§ WORK ITEM
The entries that follow need to be printed exactly as they are, minus any pictures.

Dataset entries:

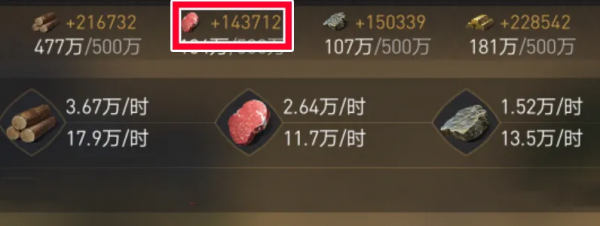 資源田等級高，發展卻沒別人快？戰損其實很重要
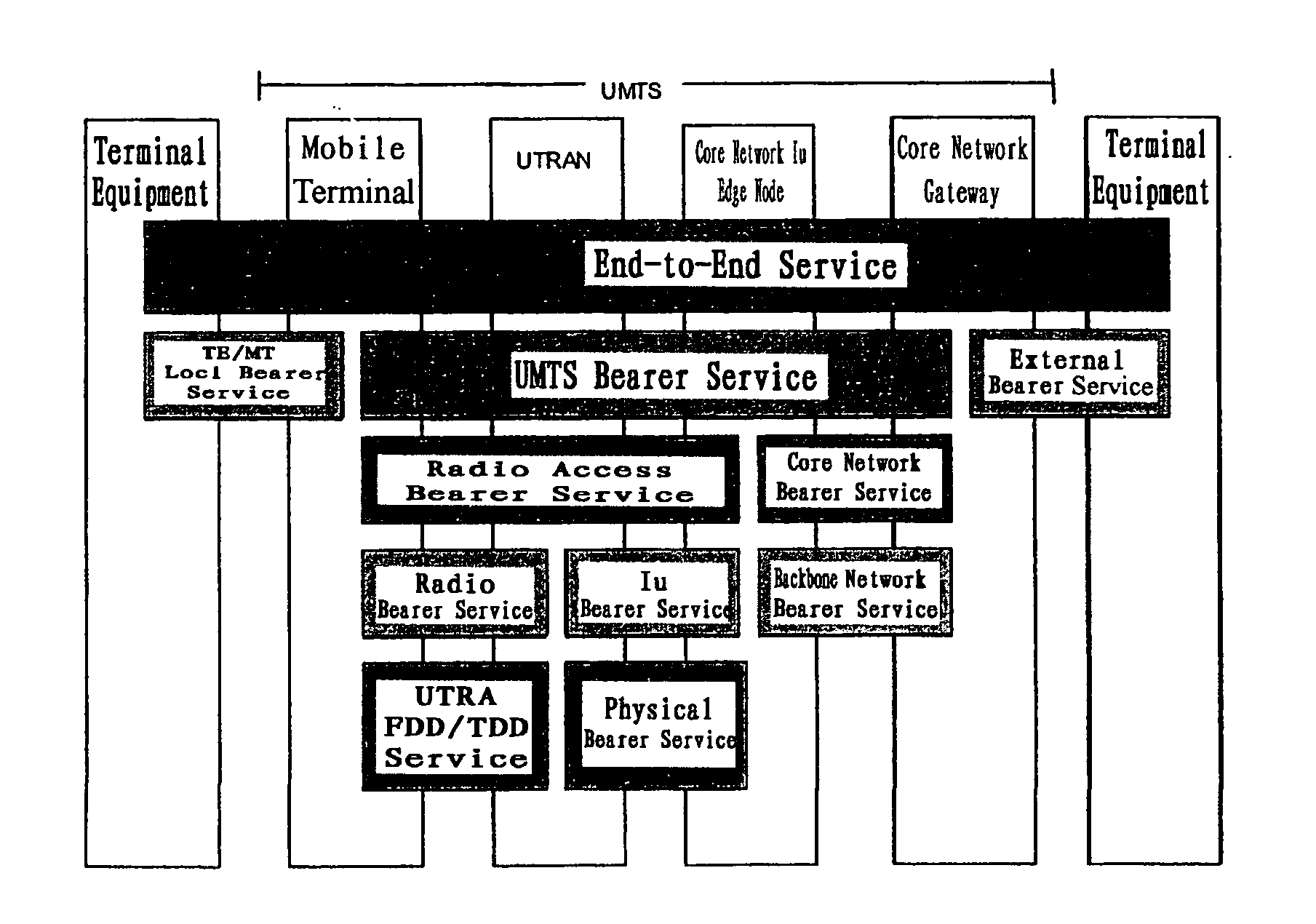 Method Of Radio Access Bearer For Ip Multimedia Session In Umts Network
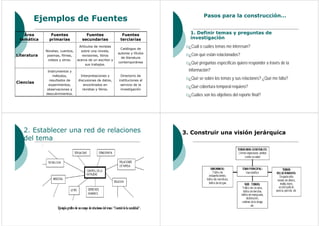 Pasos para la construcción…
        Ejemplos de Fuentes
   Área         Fuentes               Fuentes                Fuent...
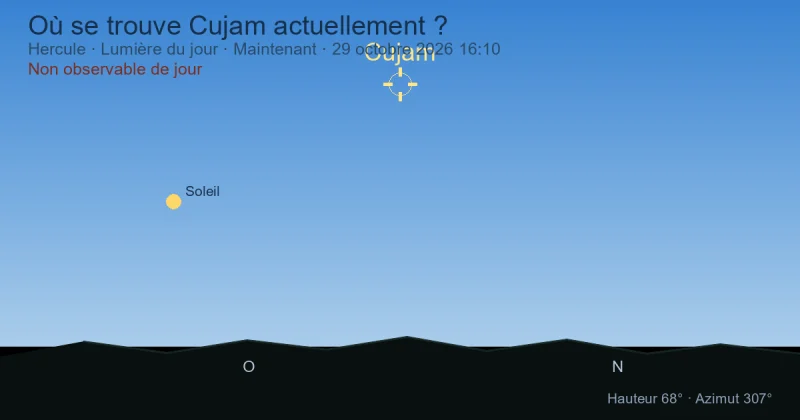 Où se trouve Cujam actuellement ?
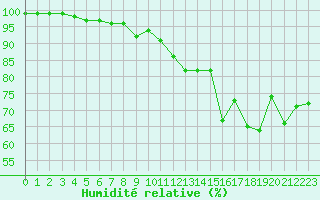 Courbe de l'humidit relative pour Crest (26)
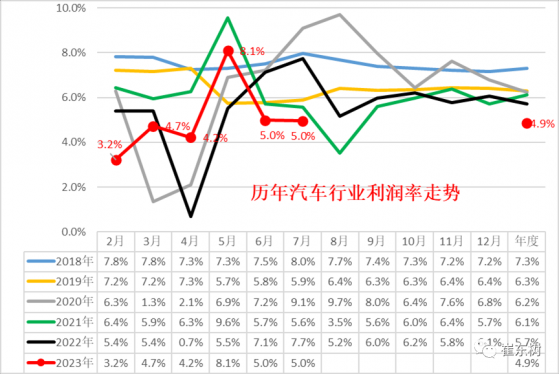 7月汽車行業生産收入8217億元 同比增長5%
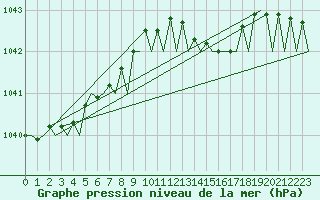 Courbe de la pression atmosphrique pour Stornoway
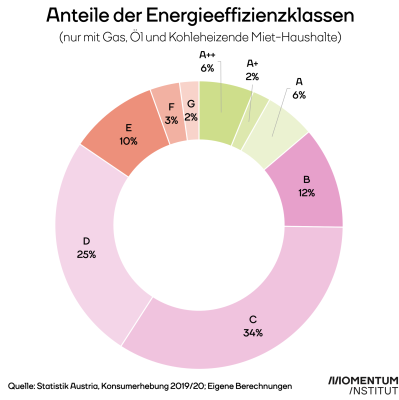 Die Abbildung zeigt, wie viele Haushalte in Wohnungen mit der jeweiligen Energieeffizienzklasse leben. Am meisten Haushalte leben in Wohnungen mit der Effizienzklasse C. 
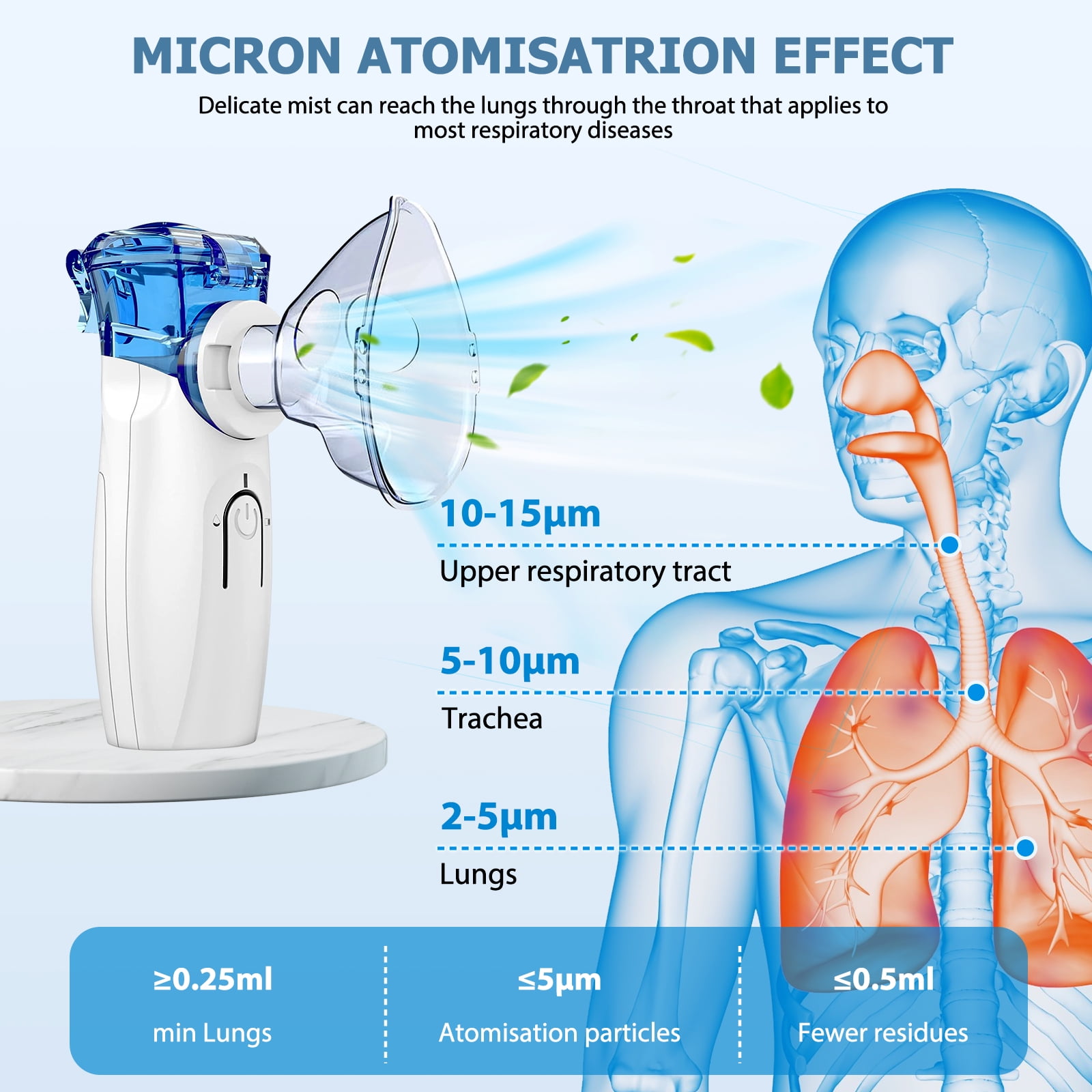 LYMAYTER Portable Humidifier Steam Inhaler USB/2AA B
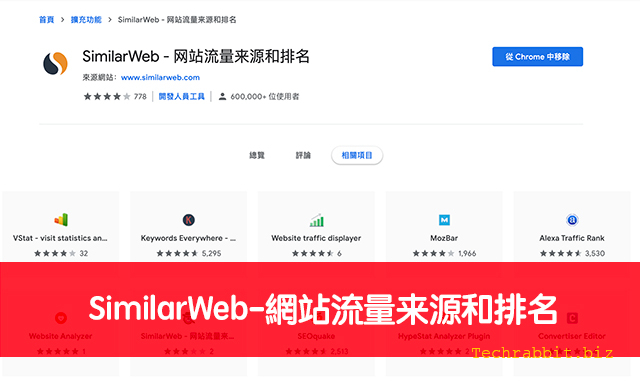 SimilarWeb-網站流量来源和排名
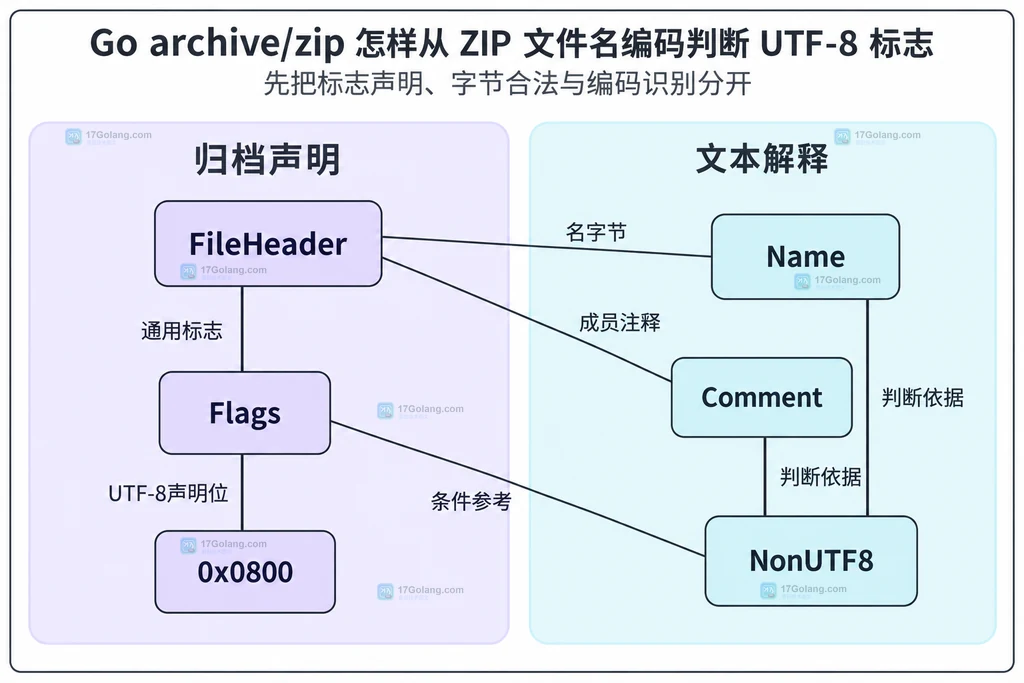 ZIP声明字段与名称及注释合法性观察的静态关系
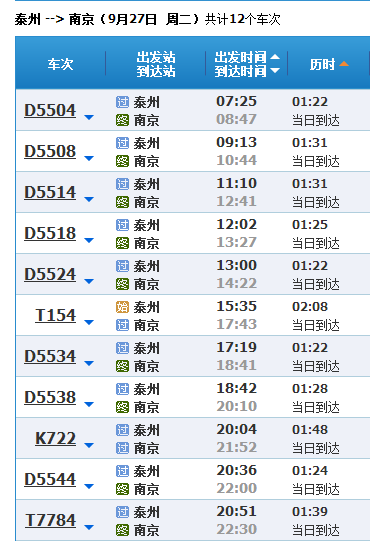 泰州火车站到阜阳火车站列车时刻表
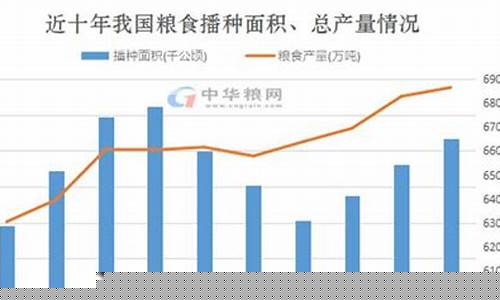粮食减产与金价对析_粮食减产与金价对比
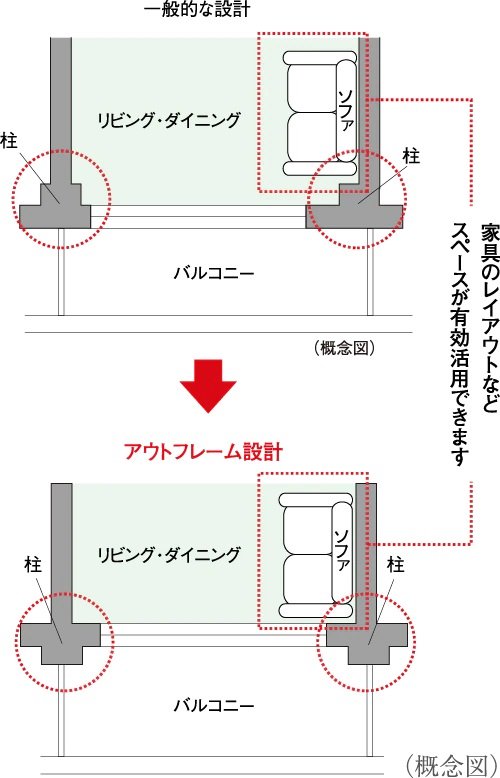アウトフレーム設計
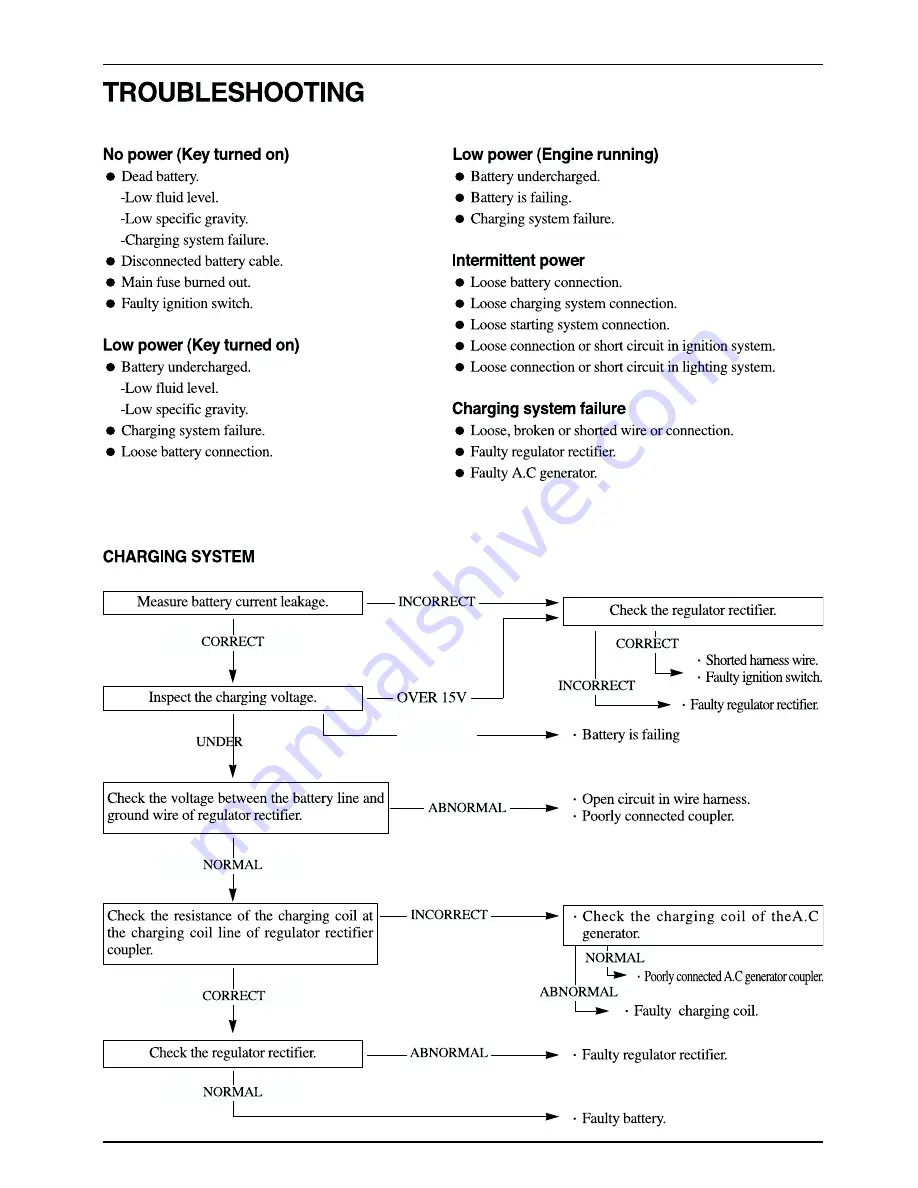 DAELIM S2-125 Service Manual Download Page 196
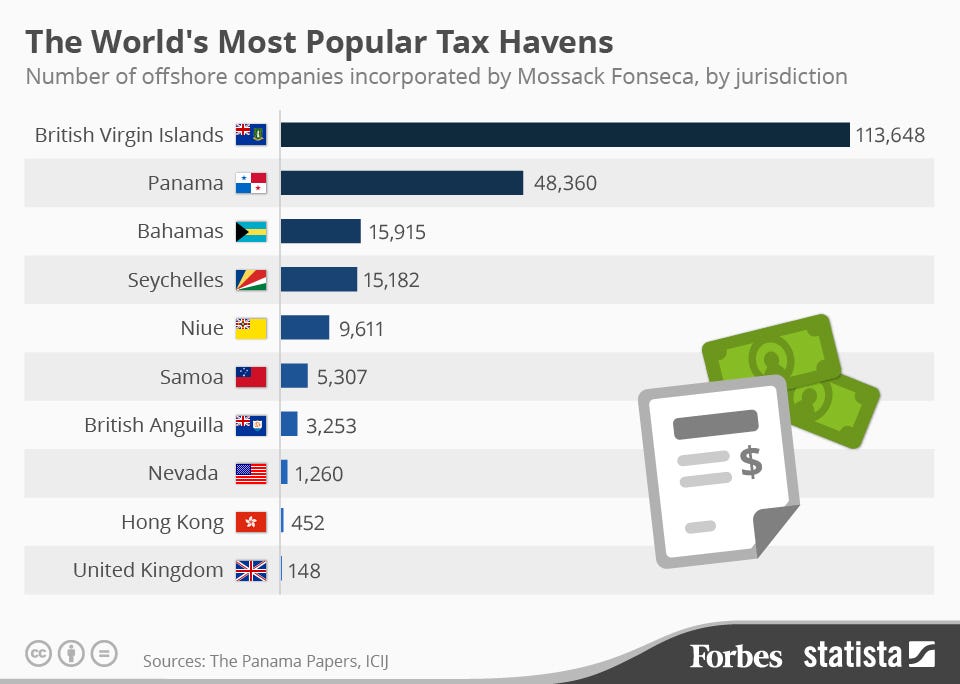 tax heavens great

§ WRITTEN REPLY
 資源田等級高，發展卻沒別人快？戰損其實很重要
 Method Of Radio Access Bearer For Ip Multimedia Session In Umts Network
 Pasos para la construcción…
        Ejemplos de Fuentes
   Área         Fuentes               Fuentes                Fuent...
 Où se trouve Cujam actuellement ?
 Courbe de l'humidit relative pour Crest (26)
 7月汽車行業生産收入8217億元 同比增長5%
 Courbe de la pression atmosphrique pour Stornoway
 Die Abbildung zeigt, wie viele Haushalte in Wohnungen mit der jeweiligen Energieeffizienzklasse leben. Am meisten Haushalte leben in Wohnungen mit der Effizienzklasse C. 
 LYMAYTER Portable Humidifier Steam Inhaler USB/2AA B
 SimilarWeb-網站流量来源和排名
 ZIP声明字段与名称及注释合法性观察的静态关系
 泰州火车站到阜阳火车站列车时刻表
粮食减产与金价对析_粮食减产与金价对比
アウトフレーム設計
 DAELIM S2-125 Service Manual Download Page 196
 tax heavens great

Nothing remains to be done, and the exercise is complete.